No discutamos calificativos. Lo evidente es que solo puede haber una legalidad. No pueden coexistir una nueva legalidad catalana y una vieja legalidad española. Una de las dos tiene que imponerse y la realidad actual de vigencia de la ley española, salvo en los casos en que la Generalitat hace uso de la nueva y el Gobierno español de facto lo consiente, solo puede durar -como máximo- unos días. Una tiene que aplastar a la otra y el empate es imposible. Un agudo empresario me comenta que dijo eso en Madrid citando el juego del ratón y el gato. Al final, el gato se come al ratón. Todos lo juzgaron muy acertado, hasta que añadió que había que esperar al final para saber quién era el ratón y quién el gato. Así es. Pero el cálculo de probabilidades existe.

El reto ha sido antiestatutario, anticonstitucional e ilegítimo porque el 47,8% obtenido en las elecciones -convocadas como plebiscito- del 2015 no da legitimidad. Además, ha sido temerario. ¿Esperando que las instancias europeas socorrieran al 47,8%? El presidente del Parlamento europeo, el italiano Antonio Tajani, ha dicho a este diario algo indicativo: «Los catalanes son ciudadanos europeos por ser españoles». Guste o no guste, el derecho positivo -el que cuenta- dice eso.

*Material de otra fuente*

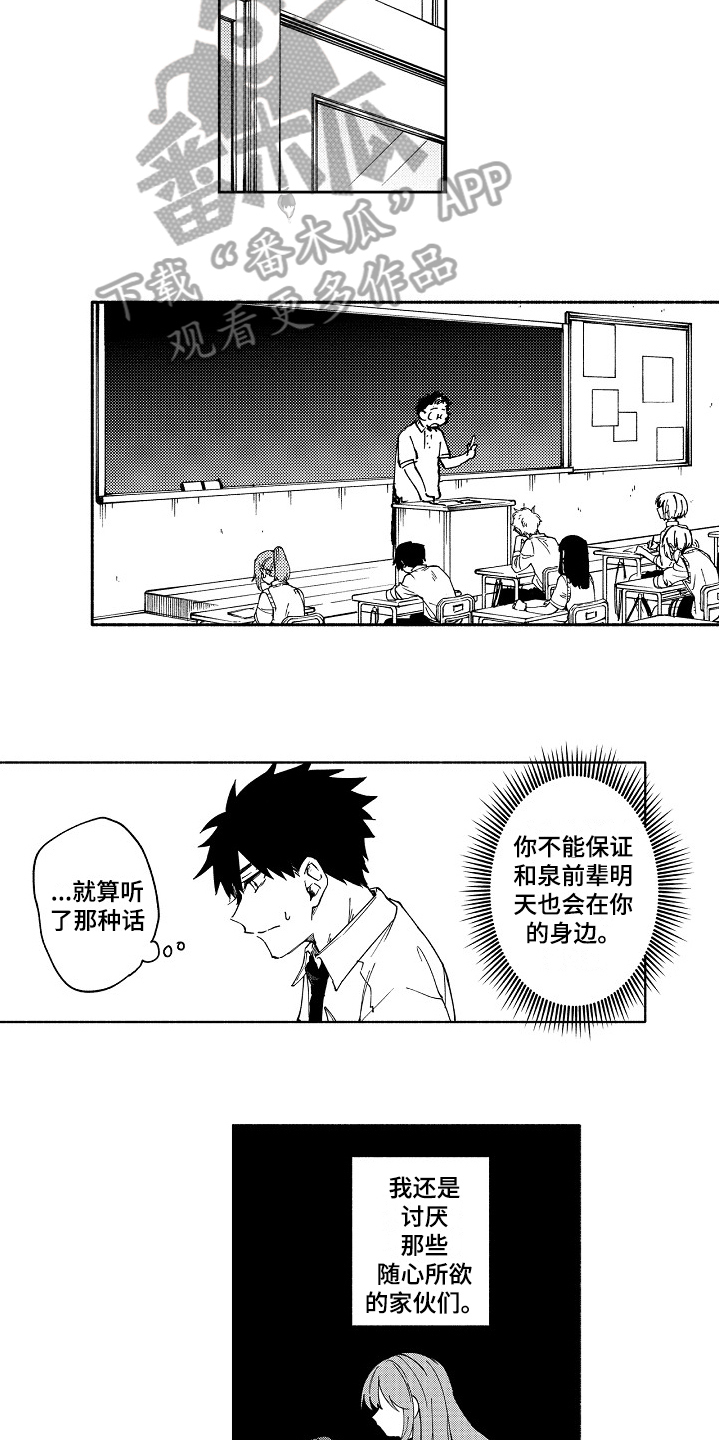 第14章：固执8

Gritar y protestar contra un agravio como el recorte del Estatut del 2006 es legítimo y legal. Crear una legalidad insurreccional es otra cosa. No se trata ya de lo que diga el Tribunal Constitucional cuya autoridad moral -no jurídica- es discutible desde los cuatro años (2006-2010) en que colocaron el Estatut (del que Artur Mas expulsó a ERC) en un limbo amenizado con sucias maniobras. En España hay cuatro asociaciones judiciales -desde la derechista APM hasta la muy progresista Jueces para la Democracia- que siempre discrepan en todo. Pero el jueves hicieron un comunicado conjunto que dice: «Una autoridad que conscientemente se rebela contra la norma constitucional que la legitima pierde el carácter de autoridad y no tiene que ser obedecida».

Es así. La autoridad efectiva de la Generalitat no viene de la historia, o de una firme decisión patriótico-revolucionaria, o de Montserrat, sino de la Constitución y el Estatut. Si Cataluña no ganó la batalla del Estatut (porque España no entendió y también por la división interna), ¿puede lograr la independencia cuando según el CEO el 49% no la quiere?

Ahora la gran cuestión es cómo gestionar unos días la coexistencia de facto de dos legalidades. El independentismo se ha equivocado. El Estado no debería hacerlo. El imperio de la ley exige inteligencia. Aplicar la ley sin inteligencia llevaría al desastre. Y hay cosas inquietantes que pueden crear mucha confusión. Imputar a 712 alcaldes por ceder locales cuando en el momento que lo hicieron era legal (el TC no había anulado la ley de referéndum) y amenazarles con la conducción policial, es todo menos proporcional. Y el fiscal general no tiene ninguna autoridad jurídica ni moral para afirmar que miles y miles de catalanes están abducidos por la Generalitat.

Tras el 1 de octubre vendrá el 2 y sería bueno -para todos- no romper cristales en vano. ¿Hay firmeza sin profesionalidad?